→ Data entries
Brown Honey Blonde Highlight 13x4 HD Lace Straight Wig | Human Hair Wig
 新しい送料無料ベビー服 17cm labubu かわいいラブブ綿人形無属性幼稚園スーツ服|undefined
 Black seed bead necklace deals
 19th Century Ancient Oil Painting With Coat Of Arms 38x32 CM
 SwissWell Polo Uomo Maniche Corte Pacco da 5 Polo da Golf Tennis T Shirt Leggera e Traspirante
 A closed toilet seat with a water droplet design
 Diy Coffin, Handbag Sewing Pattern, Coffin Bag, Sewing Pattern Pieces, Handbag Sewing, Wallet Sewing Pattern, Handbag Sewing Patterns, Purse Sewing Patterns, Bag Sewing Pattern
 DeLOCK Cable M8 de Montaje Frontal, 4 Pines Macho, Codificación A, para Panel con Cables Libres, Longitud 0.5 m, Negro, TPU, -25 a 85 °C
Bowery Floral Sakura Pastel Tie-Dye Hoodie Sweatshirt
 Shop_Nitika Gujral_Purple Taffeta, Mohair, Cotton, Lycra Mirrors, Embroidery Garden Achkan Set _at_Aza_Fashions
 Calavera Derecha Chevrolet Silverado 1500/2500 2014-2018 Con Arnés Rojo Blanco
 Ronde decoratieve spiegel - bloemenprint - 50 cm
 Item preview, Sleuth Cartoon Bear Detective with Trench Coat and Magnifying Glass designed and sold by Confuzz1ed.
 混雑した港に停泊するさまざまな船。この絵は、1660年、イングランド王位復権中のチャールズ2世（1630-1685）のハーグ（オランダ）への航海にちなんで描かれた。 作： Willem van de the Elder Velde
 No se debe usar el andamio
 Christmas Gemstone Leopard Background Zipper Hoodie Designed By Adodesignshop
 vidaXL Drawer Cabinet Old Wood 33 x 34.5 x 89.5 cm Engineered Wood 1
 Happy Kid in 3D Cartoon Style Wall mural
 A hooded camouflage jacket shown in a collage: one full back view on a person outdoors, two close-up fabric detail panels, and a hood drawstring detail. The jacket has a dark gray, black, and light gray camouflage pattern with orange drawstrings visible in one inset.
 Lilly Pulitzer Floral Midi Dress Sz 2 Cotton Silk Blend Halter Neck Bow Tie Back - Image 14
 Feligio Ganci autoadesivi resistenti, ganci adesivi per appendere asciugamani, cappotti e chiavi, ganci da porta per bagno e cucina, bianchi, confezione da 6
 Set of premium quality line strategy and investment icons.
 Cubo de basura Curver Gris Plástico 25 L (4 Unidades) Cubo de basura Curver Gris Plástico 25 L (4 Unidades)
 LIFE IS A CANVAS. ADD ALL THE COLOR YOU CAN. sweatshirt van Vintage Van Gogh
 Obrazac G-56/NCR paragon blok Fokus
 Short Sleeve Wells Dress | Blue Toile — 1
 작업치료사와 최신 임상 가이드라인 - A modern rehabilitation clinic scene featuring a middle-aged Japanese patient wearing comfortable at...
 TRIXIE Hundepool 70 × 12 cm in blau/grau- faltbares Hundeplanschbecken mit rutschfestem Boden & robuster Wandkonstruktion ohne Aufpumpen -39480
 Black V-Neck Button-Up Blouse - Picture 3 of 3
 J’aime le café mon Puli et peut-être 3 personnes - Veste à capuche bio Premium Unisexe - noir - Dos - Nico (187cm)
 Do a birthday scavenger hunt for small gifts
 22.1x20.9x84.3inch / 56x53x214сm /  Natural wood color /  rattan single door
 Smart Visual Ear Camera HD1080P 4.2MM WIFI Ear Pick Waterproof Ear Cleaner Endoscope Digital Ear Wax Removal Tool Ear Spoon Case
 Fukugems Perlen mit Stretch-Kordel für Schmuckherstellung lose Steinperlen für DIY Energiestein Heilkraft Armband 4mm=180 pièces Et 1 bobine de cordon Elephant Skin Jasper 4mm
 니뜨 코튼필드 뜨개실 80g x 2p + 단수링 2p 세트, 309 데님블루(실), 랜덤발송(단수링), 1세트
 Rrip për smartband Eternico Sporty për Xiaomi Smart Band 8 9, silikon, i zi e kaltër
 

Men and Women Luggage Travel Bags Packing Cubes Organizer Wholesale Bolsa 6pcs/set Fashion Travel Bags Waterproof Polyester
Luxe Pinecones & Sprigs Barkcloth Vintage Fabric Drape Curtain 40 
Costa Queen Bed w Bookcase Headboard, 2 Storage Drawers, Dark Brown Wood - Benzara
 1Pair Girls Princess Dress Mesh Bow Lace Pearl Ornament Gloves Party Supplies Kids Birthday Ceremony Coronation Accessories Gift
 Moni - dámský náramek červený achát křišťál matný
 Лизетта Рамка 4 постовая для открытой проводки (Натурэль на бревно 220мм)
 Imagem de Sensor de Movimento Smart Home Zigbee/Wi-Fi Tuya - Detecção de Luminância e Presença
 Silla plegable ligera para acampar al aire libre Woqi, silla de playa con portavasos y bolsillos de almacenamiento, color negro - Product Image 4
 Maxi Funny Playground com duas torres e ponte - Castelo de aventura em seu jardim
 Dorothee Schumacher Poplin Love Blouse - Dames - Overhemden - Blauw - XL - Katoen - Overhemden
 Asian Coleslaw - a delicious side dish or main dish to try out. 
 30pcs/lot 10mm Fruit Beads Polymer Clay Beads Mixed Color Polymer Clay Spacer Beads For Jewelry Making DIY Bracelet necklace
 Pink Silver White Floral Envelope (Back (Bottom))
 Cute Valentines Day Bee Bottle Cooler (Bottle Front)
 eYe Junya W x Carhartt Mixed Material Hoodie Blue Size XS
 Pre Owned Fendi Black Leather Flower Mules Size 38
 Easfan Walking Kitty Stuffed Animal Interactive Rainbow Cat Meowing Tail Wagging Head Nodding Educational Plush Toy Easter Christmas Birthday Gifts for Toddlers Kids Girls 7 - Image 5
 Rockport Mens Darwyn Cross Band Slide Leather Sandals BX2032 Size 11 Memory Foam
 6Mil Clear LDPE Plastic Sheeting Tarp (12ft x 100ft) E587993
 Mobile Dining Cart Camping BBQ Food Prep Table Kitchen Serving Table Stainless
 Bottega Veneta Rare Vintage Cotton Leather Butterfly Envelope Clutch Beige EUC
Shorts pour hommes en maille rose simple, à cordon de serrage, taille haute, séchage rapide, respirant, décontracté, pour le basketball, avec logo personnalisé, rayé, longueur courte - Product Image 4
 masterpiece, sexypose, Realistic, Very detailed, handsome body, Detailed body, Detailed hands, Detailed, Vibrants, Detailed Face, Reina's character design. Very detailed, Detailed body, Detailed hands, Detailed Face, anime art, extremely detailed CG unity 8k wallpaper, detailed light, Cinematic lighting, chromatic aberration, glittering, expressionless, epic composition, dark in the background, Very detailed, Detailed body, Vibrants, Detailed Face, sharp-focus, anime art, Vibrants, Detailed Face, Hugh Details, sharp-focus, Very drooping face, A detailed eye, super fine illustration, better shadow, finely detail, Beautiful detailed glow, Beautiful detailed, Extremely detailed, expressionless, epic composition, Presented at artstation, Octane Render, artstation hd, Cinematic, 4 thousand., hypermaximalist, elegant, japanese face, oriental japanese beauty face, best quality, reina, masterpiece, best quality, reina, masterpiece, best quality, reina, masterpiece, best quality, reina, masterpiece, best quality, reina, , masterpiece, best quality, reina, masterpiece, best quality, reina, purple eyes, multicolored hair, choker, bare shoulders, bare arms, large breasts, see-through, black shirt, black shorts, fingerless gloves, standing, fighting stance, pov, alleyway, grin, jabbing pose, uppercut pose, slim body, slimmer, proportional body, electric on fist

→ What is expected
Take the line above containing "Shop_Nitika Gujral_Purple Taffeta, Mohair, Cotton, Lycra", the line containing "Obrazac G-56/NCR paragon blok Fokus", and all lines in between, and copy them exactly without anything else.

→ Result of the task
 Shop_Nitika Gujral_Purple Taffeta, Mohair, Cotton, Lycra Mirrors, Embroidery Garden Achkan Set _at_Aza_Fashions
 Calavera Derecha Chevrolet Silverado 1500/2500 2014-2018 Con Arnés Rojo Blanco
 Ronde decoratieve spiegel - bloemenprint - 50 cm
 Item preview, Sleuth Cartoon Bear Detective with Trench Coat and Magnifying Glass designed and sold by Confuzz1ed.
 混雑した港に停泊するさまざまな船。この絵は、1660年、イングランド王位復権中のチャールズ2世（1630-1685）のハーグ（オランダ）への航海にちなんで描かれた。 作： Willem van de the Elder Velde
 No se debe usar el andamio
 Christmas Gemstone Leopard Background Zipper Hoodie Designed By Adodesignshop
 vidaXL Drawer Cabinet Old Wood 33 x 34.5 x 89.5 cm Engineered Wood 1
 Happy Kid in 3D Cartoon Style Wall mural
 A hooded camouflage jacket shown in a collage: one full back view on a person outdoors, two close-up fabric detail panels, and a hood drawstring detail. The jacket has a dark gray, black, and light gray camouflage pattern with orange drawstrings visible in one inset.
 Lilly Pulitzer Floral Midi Dress Sz 2 Cotton Silk Blend Halter Neck Bow Tie Back - Image 14
 Feligio Ganci autoadesivi resistenti, ganci adesivi per appendere asciugamani, cappotti e chiavi, ganci da porta per bagno e cucina, bianchi, confezione da 6
 Set of premium quality line strategy and investment icons.
 Cubo de basura Curver Gris Plástico 25 L (4 Unidades) Cubo de basura Curver Gris Plástico 25 L (4 Unidades)
 LIFE IS A CANVAS. ADD ALL THE COLOR YOU CAN. sweatshirt van Vintage Van Gogh
 Obrazac G-56/NCR paragon blok Fokus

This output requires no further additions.